The entire project documentation, according to the ISO 9001:2015 and NATO Standard AQAP-150, is integrated to the system delivery.

3D Multifunction Radar System (MFRA)

It is a multifunction radar operating at C-band, performing concurrently 3D detection, multiple target tracking and missile guidance. It is designed to be on board medium and large tonnage vessels having full volumetric search coverage, low altitude and surface search, multiple target tracking, up-link transmission.

DUNE has developed the Signal Processing section (Electronic Counter Counter Measures, Main Beam Cancellation, Sidelobe Cancellation, Sidelobe Blanking, Clutter Cancellation algorithms, Advanced anti Multi path techniques, fault tolerance and automatic reconfiguration) on a VXS rack including 2 Mercury RapidIO Switches and 7 Mercury PPC boards (HCD5220) including 4 processors each.

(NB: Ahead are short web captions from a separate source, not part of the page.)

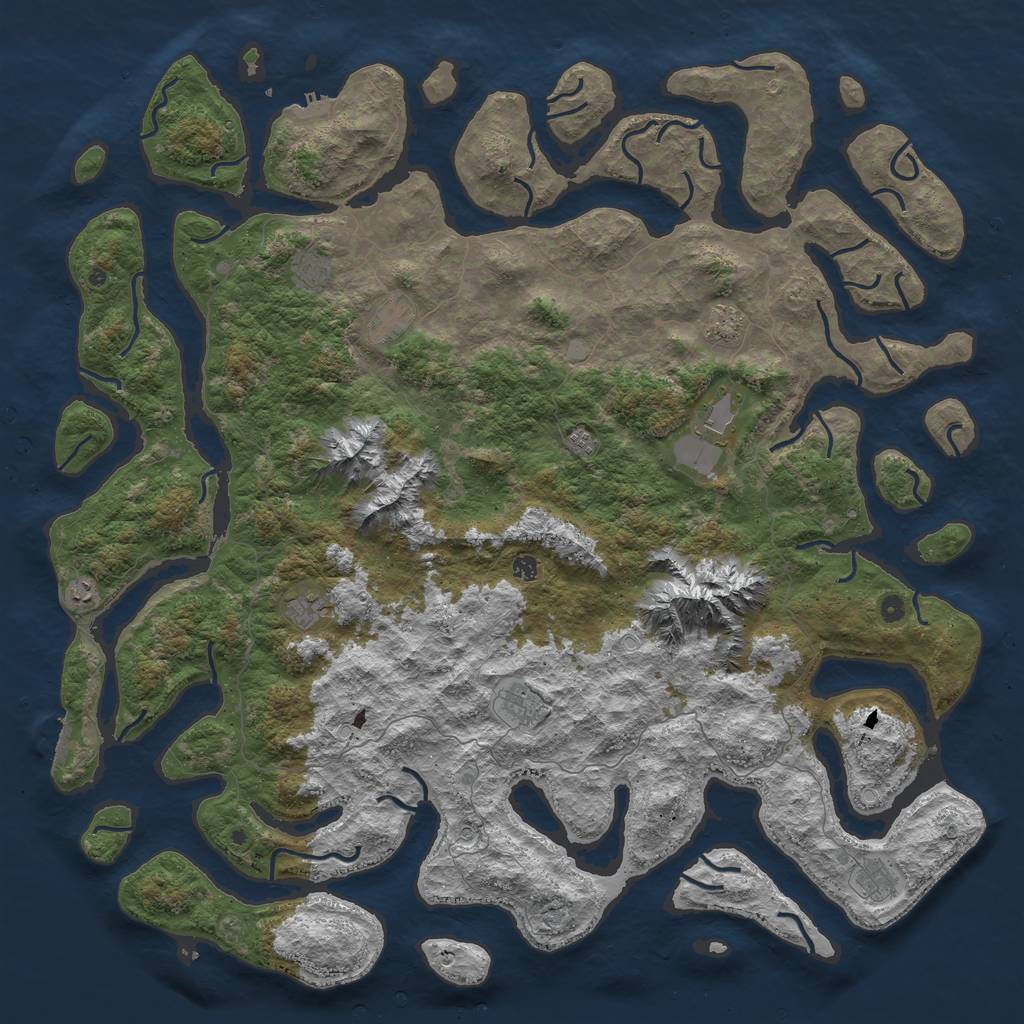 Rust Map: Procedural Map, Size: 6000, Seed: 36459237, 18 Monuments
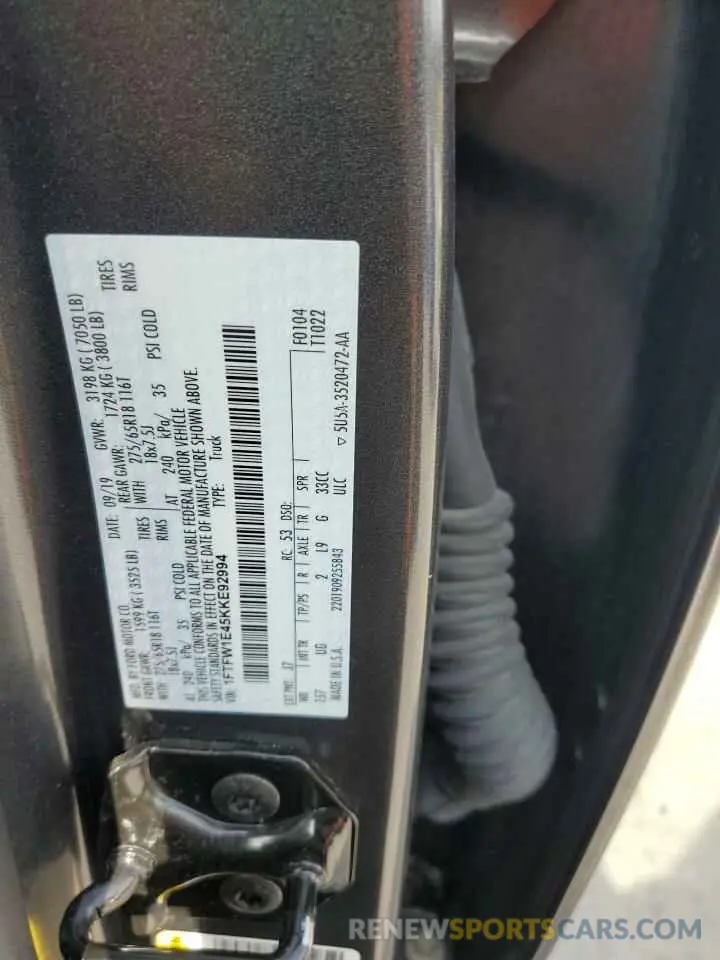 14 Photograph of a damaged car 1FTFW1E45KKE92994 FORD F-150 2019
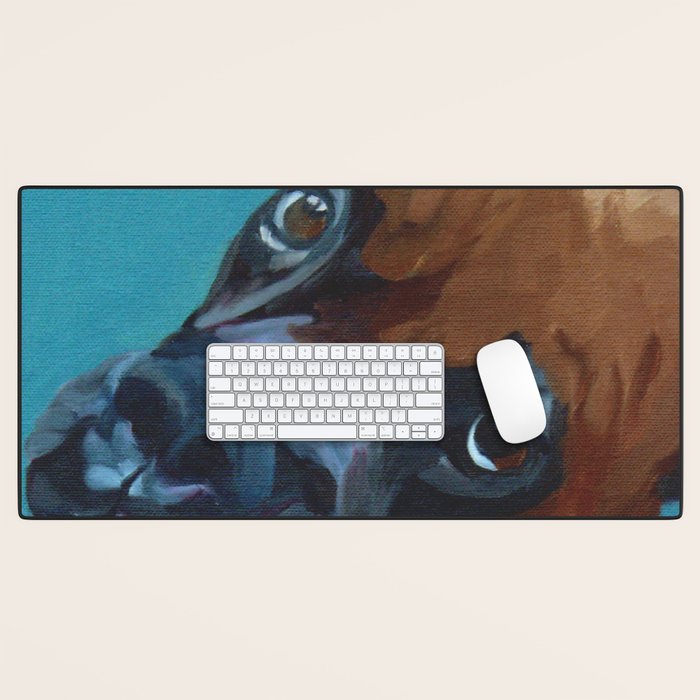 Leo the Boxer Dog Portrait Desk Mat Gallery Image 1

The real-time architecture has been designed, simulated, optimized and realized using a cluster of 26 processors operating with parallel, serial and round-robin scheduling supporting automatic architecture reconfiguration according to the incoming signal characteristics (duration, signal types, required processing, error presence).

Land Based and Shipborne 3D Radar System (KRONOS)

It is a 3D multi-role C-Band radar with a full solid state active phased array antenna used both in land based and shipborne configurations at medium range having an extended 3D coverage for search, tracking and auxiliary activities.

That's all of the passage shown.